Announcement

Collapse
No announcement yet.

Why FreeBSD Doesn't Aim For OpenMP Support Out-Of-The-Box

Collapse
X
 
  • Filter
  • Time
  • Show
Clear All
new posts

  • #31
    Originally posted by jrch2k8 View Post
    2.) Autovectorization: Is not part of OpenMP but part of the compiler and regardless the compiler is nowhere near as good as handwritten SIMD code except for very very obvious low hanging fruits, yeah not even the all mighty ICC. Compilers can show you ASM outputs for a reason people ....
    The advantage of OpenMP's loops is that you write the loops once and when the compiler adopts new instructions, a recompilation is enough to speed up your old program. For instance SSE -> AVX -> AVX2 -> AVX512 (buy Xeon or Cannon Lake when it comes).

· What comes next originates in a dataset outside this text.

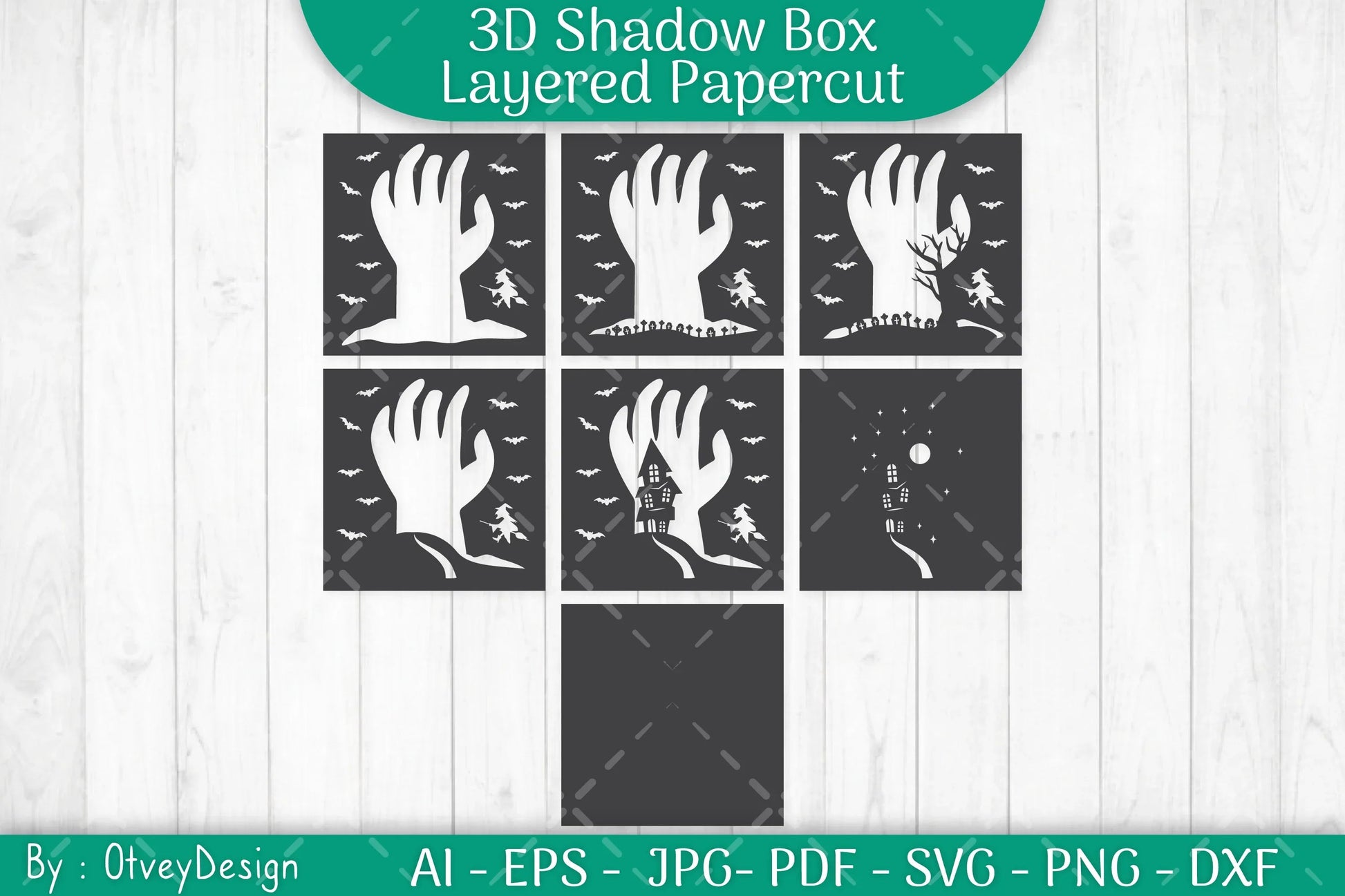 3D Halloween Scene Hand Shadow Box SVG Bundle - CraftNest - Digital Crafting and Art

    4.) OpenMP is really performant and is not dead by any standard, is just good enough to remain stable for a while.
    What I meant is that OpenMP is an ugly bandaid for legacy imperative languages. There are a lot better ideas and frameworks for higher level languages. C/C++ aren't that good for semantic analysis which could help with the 'autovectorization'. The syntax is awful, it's like an overgrown pre-processor which also needs some compiler support. There's also Cilk Plus now which offers a bit different POV, but is basically the same. People might also want software transactional memory, auto-tuning, skeleton libraries, futures etc.

    6.) OpenMP is an INNER LOOP tool, is not to start functions, is not to do arithmetics of 3 ints, is not to parallelize operations, etc.
    Since OpenMP 3 there's also been some task support.

    Comment


    • #32
      Originally posted by cade View Post
      "FreeBSD 1" was released in November 1993, not in 1970's.
      Unlike OpenMP, PThreads is generic enough to be used for any kind of parallelism.
      The reason for this is that PThreads is a lower-level API while OpenMP represents a higher-level API.

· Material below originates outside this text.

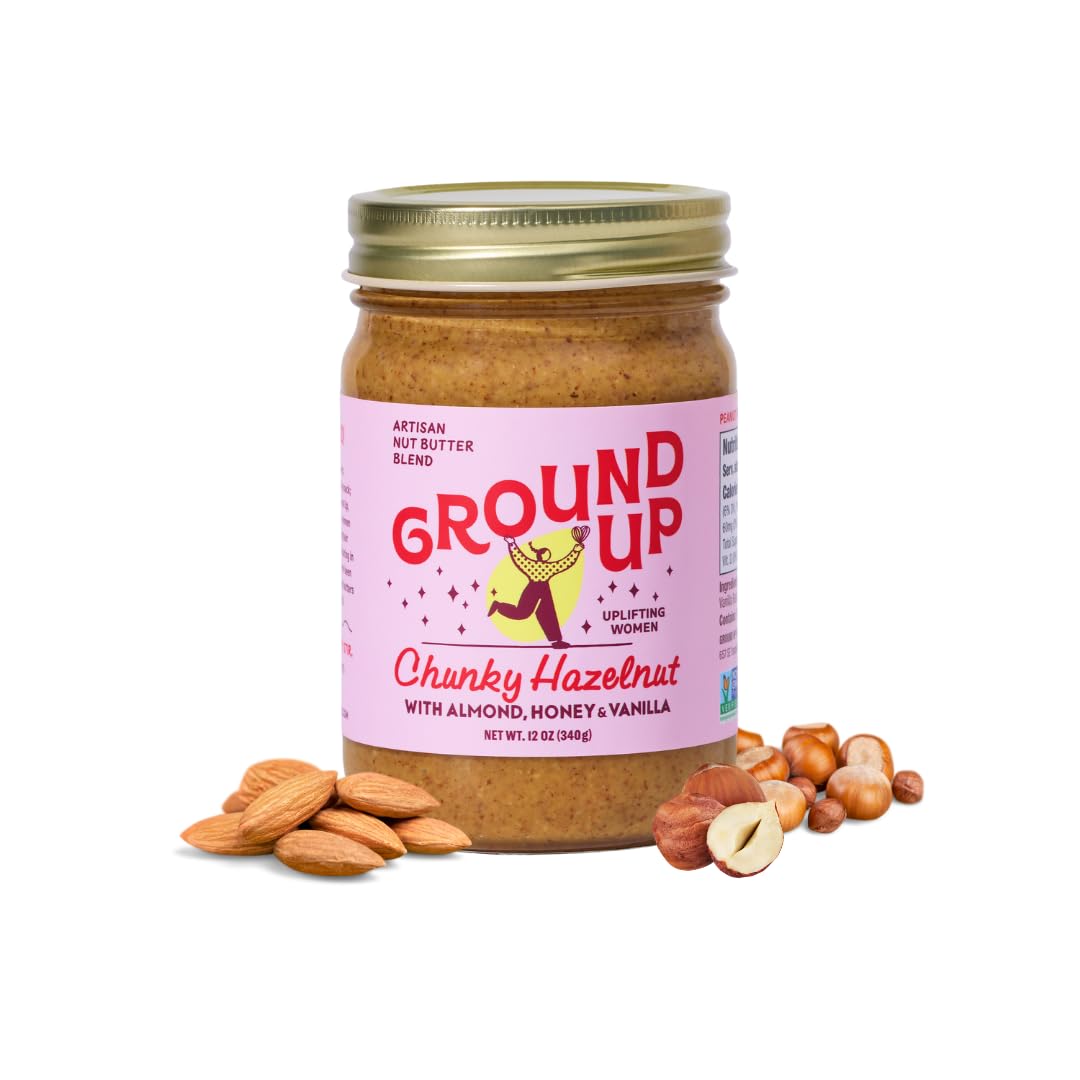 Ground Up Almond & Hazelnut Butter jar close-up showing creamy spread.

      PThreads offers more "plumbing" and so more time is used in design/implementation/testing of
      threaded-solutions but these solutions can be more creative/novel than what is possible from threaded-solitions
      implemented using the restricted (less plumbing-like) nature of OpenMP.

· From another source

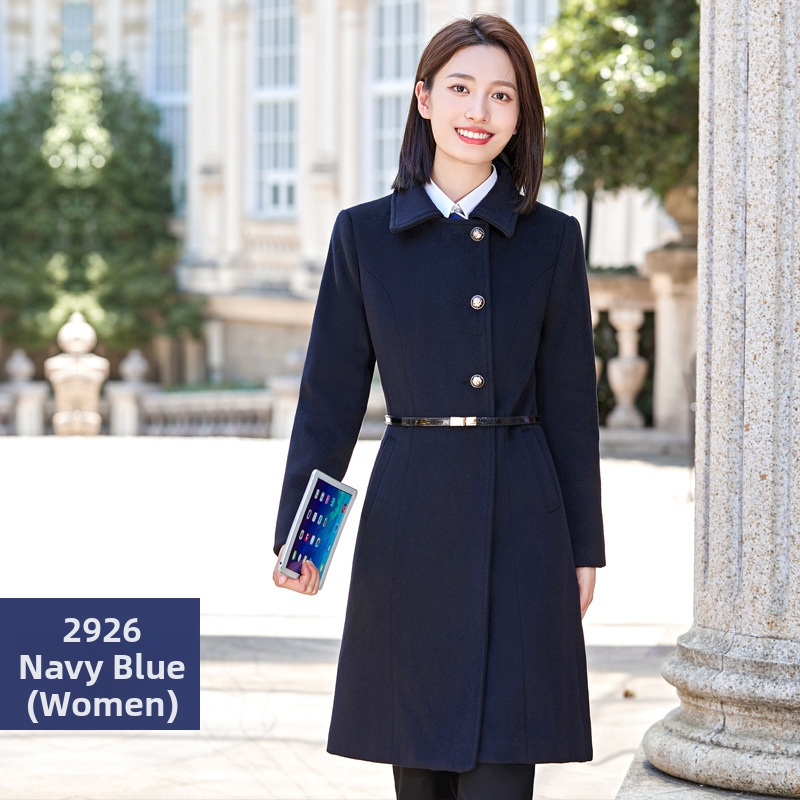 Palton din lână, unisex, lungime medie, pentru manager hotelier — vestimentație de birou, amestec lână 50–70% și poliester 30–50%, iarnă 2024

      There's a reason why threadding solutions (paradigms) like PThreads, OpenMP, etc. exist.
      They offer different programming paradigms that cater for different types of
      thread-solution-implementations.

      It is foolish to think that OSes in the class of FreeBSD had a problem
      taking advantage of multi-{CPU, core} hardware.
      You make the false assumption that I don't know what POSIX threads are. Nowadays as OpenMP has tasks and all, it's pretty much a platform agnostic superset of POSIX threads. Sure, there might be some special corner cases that still need pthreads, but for parallel programming, pthreads and OpenMP are more or less the same. They're also based on the same paradigm. Sure, OpenMP encourages fork/join parallelism, but you can program it like pthreads just as well. There is no real performance benefit to be gained for picking pthreads instead. Your post just gives the impression that you have no idea how large OpenMP has become. Besides, even OpenMP is pretty low level. Language like Clojure or Scala or Haskell have totally different abstractions.

      Comment


      • #33
        Originally posted by caligula View Post
        Well, I guess FreeBSD doesn't run on multi-core systems then. Seems rather stupid to waste 50-96% of the performance potential since your programming paradigm was invented in the 1970s. The basic work sharing constructs in OpenMP are already years old. I already implemented some programming assignments in school some 10 years ago with OpenMP 2.0.
        It's firewall pf is fully SMP capable so the base OS itself should have no issues with it either..

        Comment


        • #34
          Originally posted by aht0 View Post

          It's firewall pf is fully SMP capable so the base OS itself should have no issues with it either..
          The only problem is, if some existing multimillion LOC program already used OpenMP, Cilk+, OpenCL, OpenACC, or C++/boost wrappers for those, or whatever new parallel programming framework (Akka actors etc), they'll expect runtime support for those. Pthreads isn't sufficient since people already switched to other platforms (even if platforms like OpenMP actually depend on a pthreads backend). It's rarely the case that *BSD is the platform of choice for new software so you need to have the appropriate support or the multi-threading is disabled as a compile time option.

          Comment


          • #35

            You could have googled the necessary information, that OpenMP support is there, just not enabled by default, during less time it took you to write the 4-line statement. Or just concluded it from reading the Phoronix "source"-news itself.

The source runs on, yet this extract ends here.